This is it, the final go-round for the BCS.

The much-maligned system for determining college football’s national champion will be mothballed after this season, replaced by a four-team playoff next season.

As finales go, it’s hard to argue too much about the final title-game participants. Florida State was the only major-conference team to finish undefeated and Auburn had the best resume of the one-loss teams.

That’s the big one, but of course there are 34 other bowls, starting with four on Saturday, that will feature plenty of other good teams, star players and interesting match-ups.

To get you ready, we’ve got a rundown of what to look for:

TOP GAMES

BCS National Championship, Florida State vs. Auburn, Jan. 6, Pasadena, Calif. Duh.
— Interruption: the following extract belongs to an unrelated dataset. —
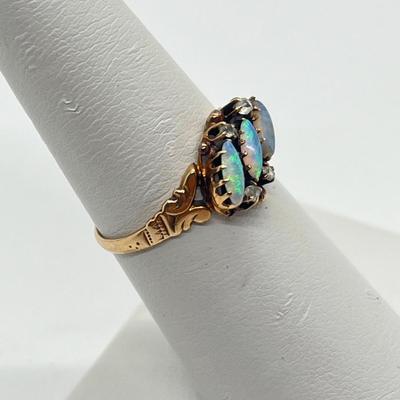 LOT 126J: Antique / Vintage 14K Gold Opal Ring with Diamond Chips - Size 6.5 - 1.8gtw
Sugar Bowl, Alabama vs. Oklahoma, Jan. 2, New Orleans. Two storied programs that fell short of their national-title aspirations are still pretty good.

Orange Bowl, Ohio State vs. Clemson, Jan. 3, Miami. Teams that are a combined 45-5 since the start of last season and among the highest-scoring in college football.

Rose Bowl, Stanford vs. Michigan State, Jan. 1, Pasadena, Calif. If you like smash-mouth, defensive-minded football, this is your game.

AdvoCare V100 Bowl, Arizona vs. Boston College, Dec. 31, Shreveport, La. So what’s so exciting about two 7-5 teams? Two All-American running backs going at each other: Arizona’s Ka’Deem Carey and BC’s Andre Williams.

TOP PLAYERS

Jameis Winston, QB, Florida State. Won the Heisman Trophy, playing for a national championship. Not a bad freshman season.

AJ McCarron, QB, Alabama. There will be no three-peat as national champion, but he’s been as good a college quarterback as we've seen in a while.

C.J. Mosley, LB, Alabama. Collects tackles like baseball cards.

Ka'Deem Carey, RB, Arizona. Second nationally in yards per game, runs like he’s trying to punish defenders for daring to tackle him.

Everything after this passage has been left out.